INPUT FOR THIS TASK
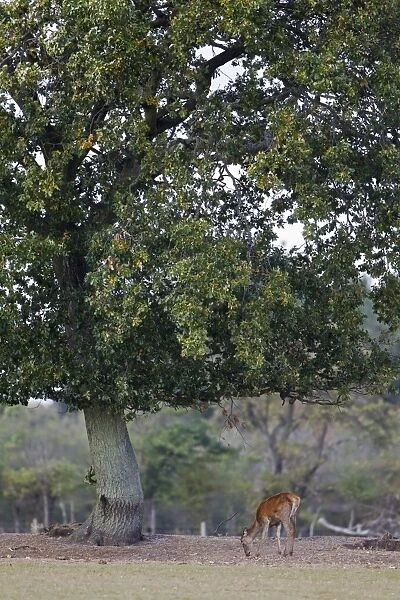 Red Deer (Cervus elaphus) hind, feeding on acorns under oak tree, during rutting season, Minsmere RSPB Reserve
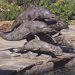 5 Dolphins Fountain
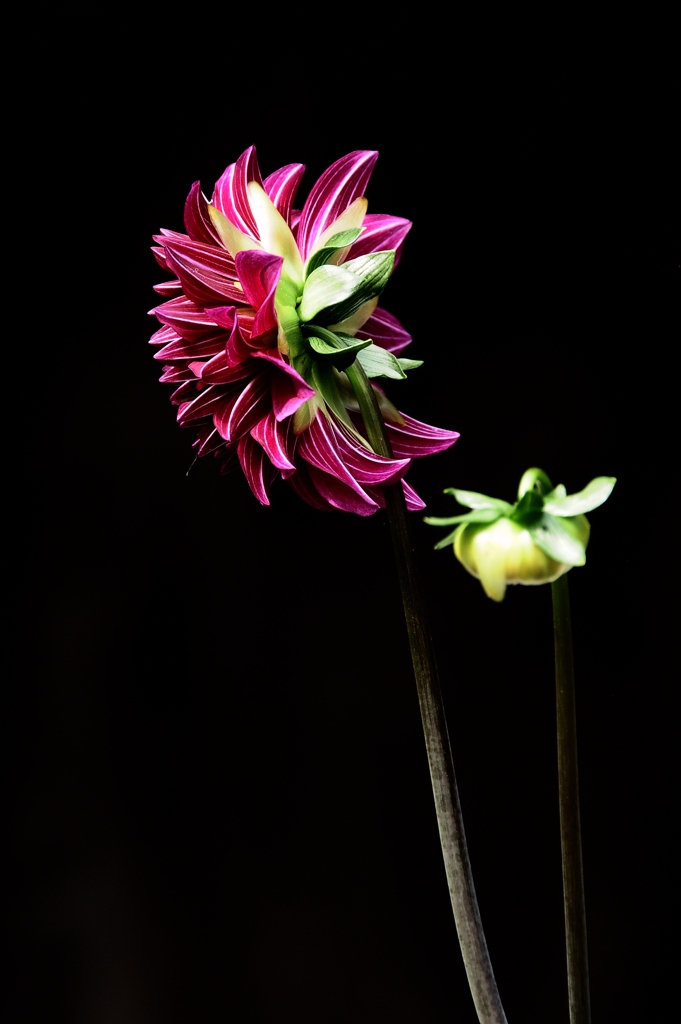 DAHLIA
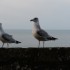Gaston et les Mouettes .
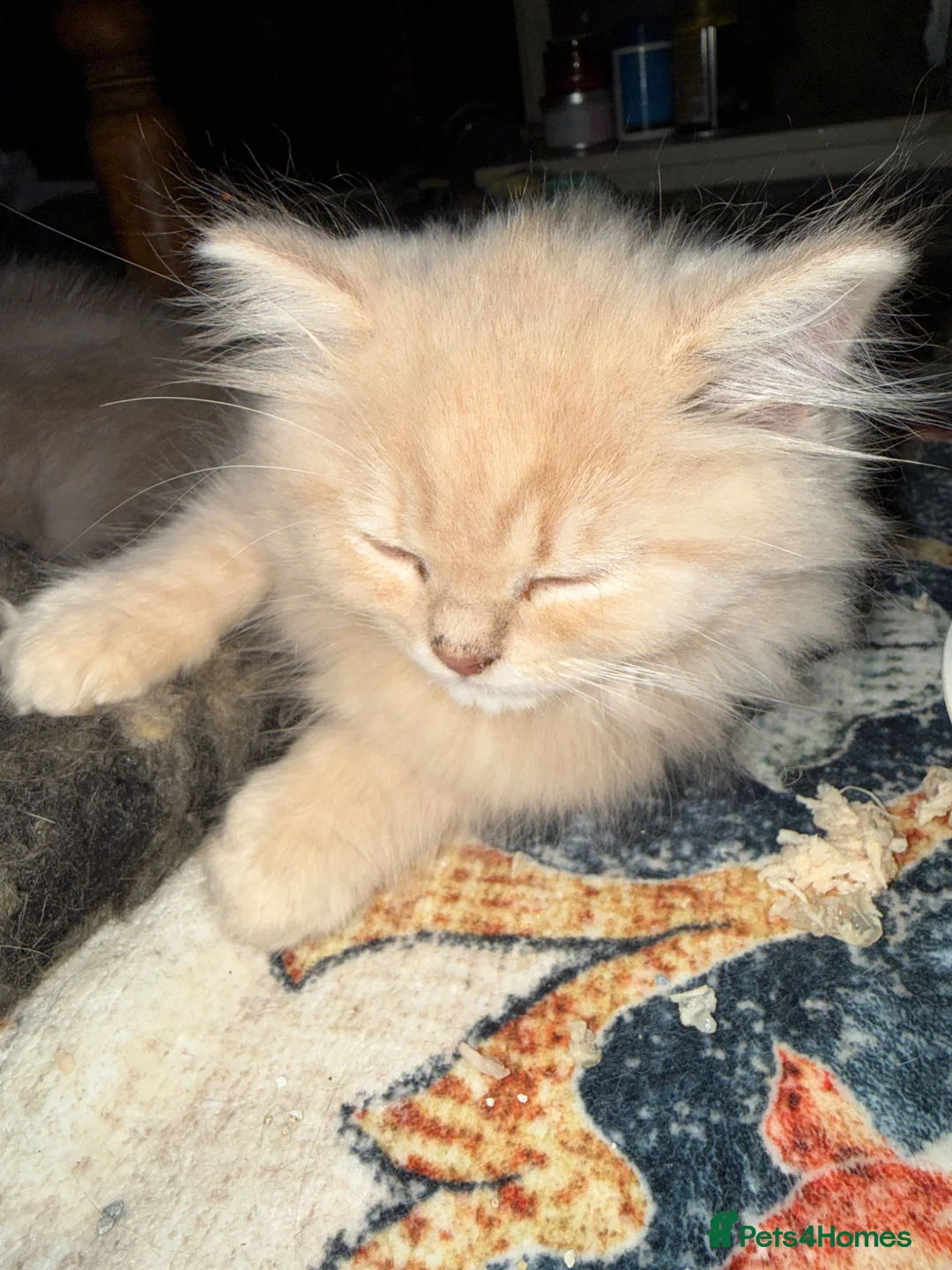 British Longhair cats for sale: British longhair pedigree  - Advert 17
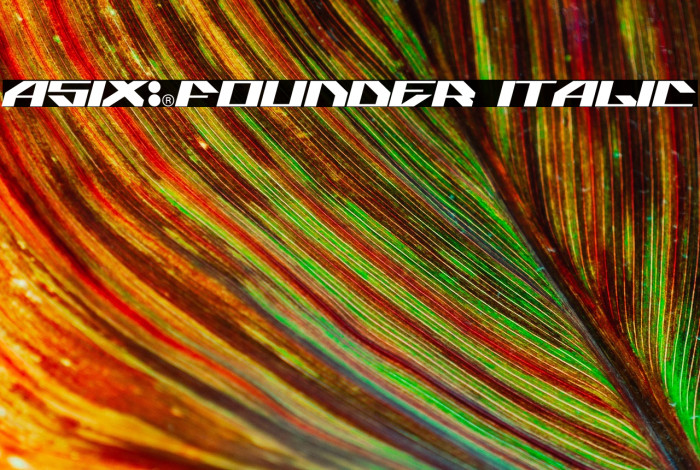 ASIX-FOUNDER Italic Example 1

--

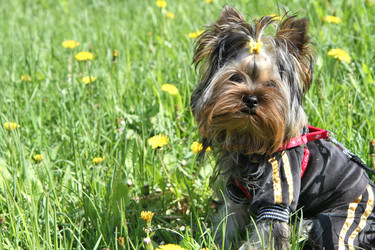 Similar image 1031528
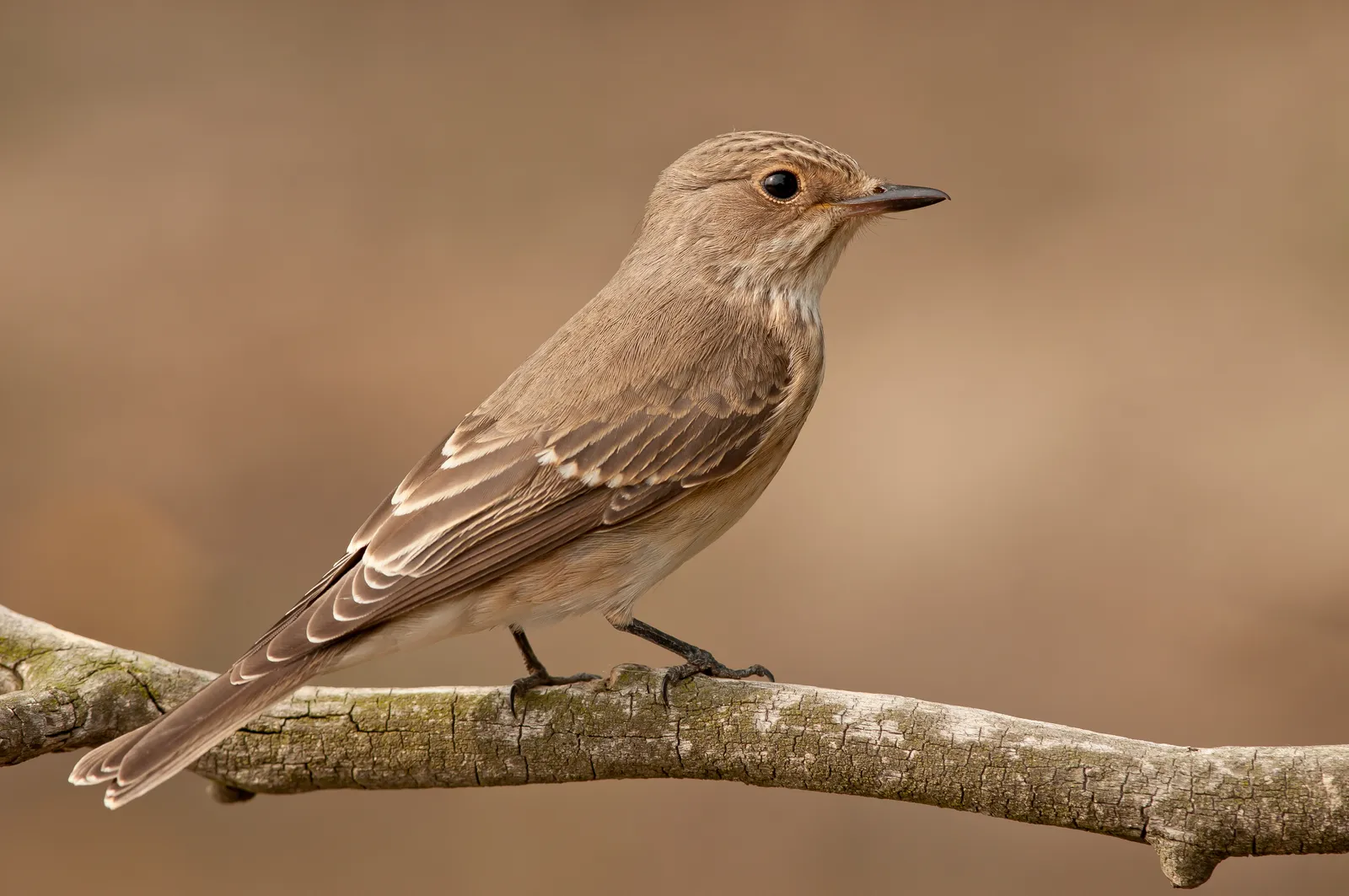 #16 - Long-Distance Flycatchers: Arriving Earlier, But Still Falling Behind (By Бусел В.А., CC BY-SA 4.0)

WHAT YOU HAVE TO DO
Return the lines above from the one with "Similar image 1031528" through the one with "#16 - Long-Distance", verbatim and nothing else. Omit every picture.

RESPONSE BOX
 Similar image 1031528
 #16 - Long-Distance Flycatchers: Arriving Earlier, But Still Falling Behind (By Бусел В.А., CC BY-SA 4.0)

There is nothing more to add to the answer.